(Data for analysis Opens)

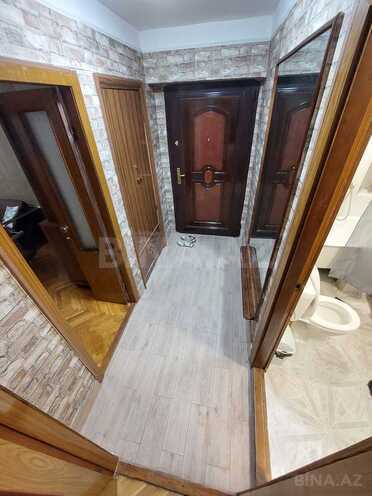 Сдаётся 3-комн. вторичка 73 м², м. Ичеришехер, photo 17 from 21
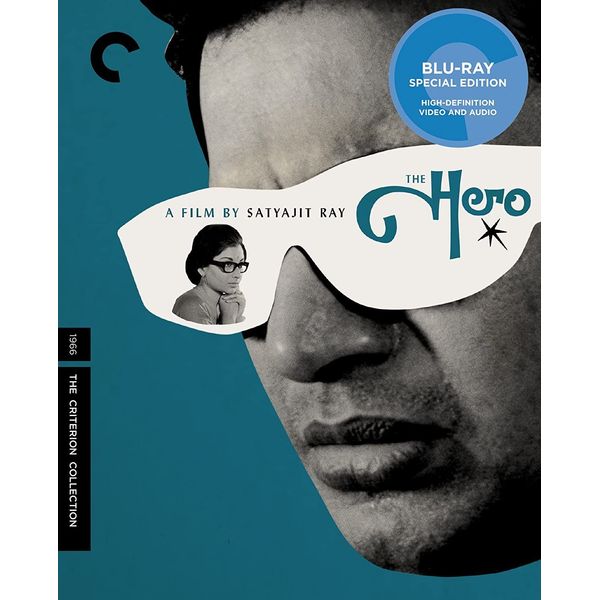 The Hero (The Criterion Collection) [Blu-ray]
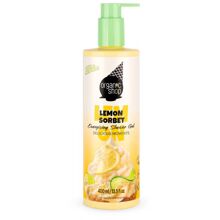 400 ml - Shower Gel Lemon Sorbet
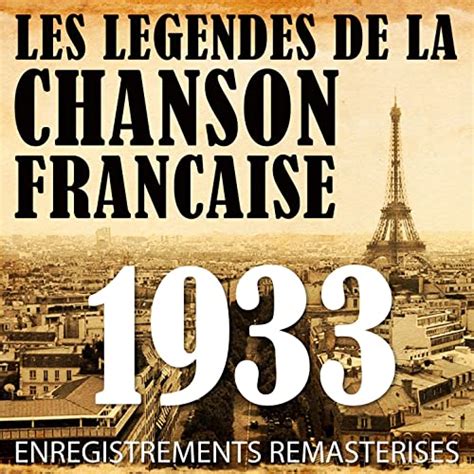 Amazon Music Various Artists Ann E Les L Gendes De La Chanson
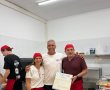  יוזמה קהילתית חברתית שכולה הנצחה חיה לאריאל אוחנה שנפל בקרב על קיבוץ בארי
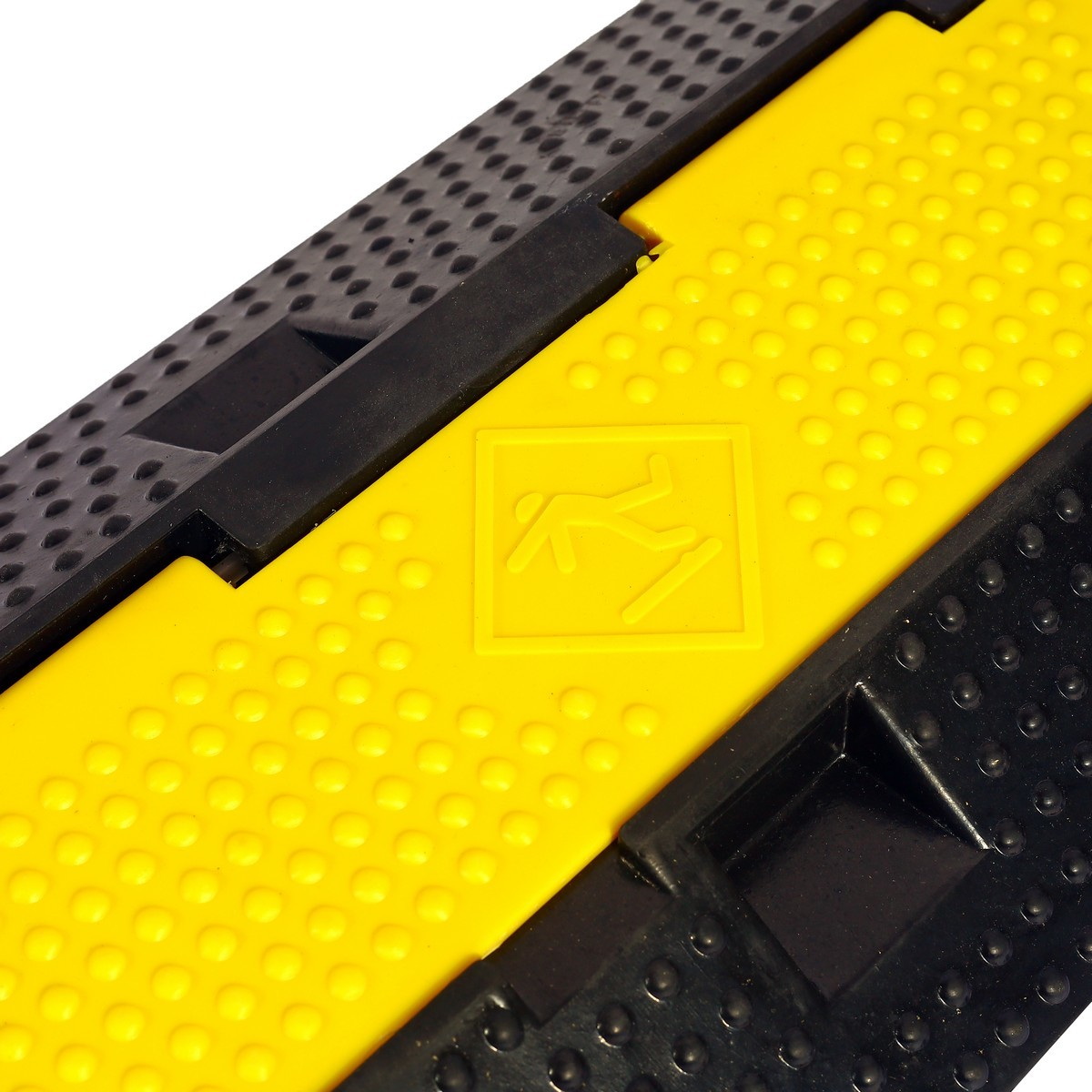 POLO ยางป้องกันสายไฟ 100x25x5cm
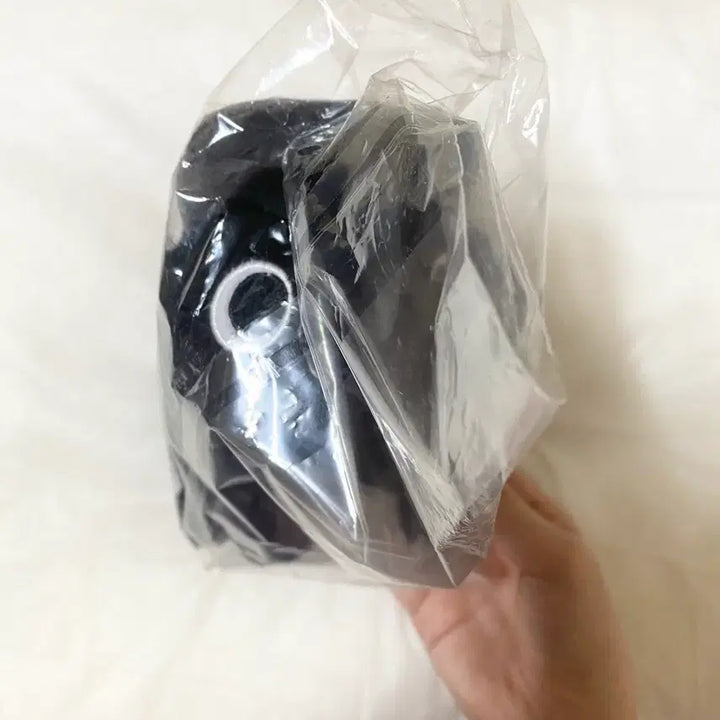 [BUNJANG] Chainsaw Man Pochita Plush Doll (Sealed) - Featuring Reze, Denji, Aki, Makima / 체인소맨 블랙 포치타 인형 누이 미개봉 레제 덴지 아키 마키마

(Data for analysis Closes)

▸ Aim of the task
In the data above, the line containing "POLO ยางป้องกันสายไฟ 100x25x5cm" and all lines after it are to be reproduced exactly, leaving out the pictures.

▸ Answer section
 POLO ยางป้องกันสายไฟ 100x25x5cm
 [BUNJANG] Chainsaw Man Pochita Plush Doll (Sealed) - Featuring Reze, Denji, Aki, Makima / 체인소맨 블랙 포치타 인형 누이 미개봉 레제 덴지 아키 마키마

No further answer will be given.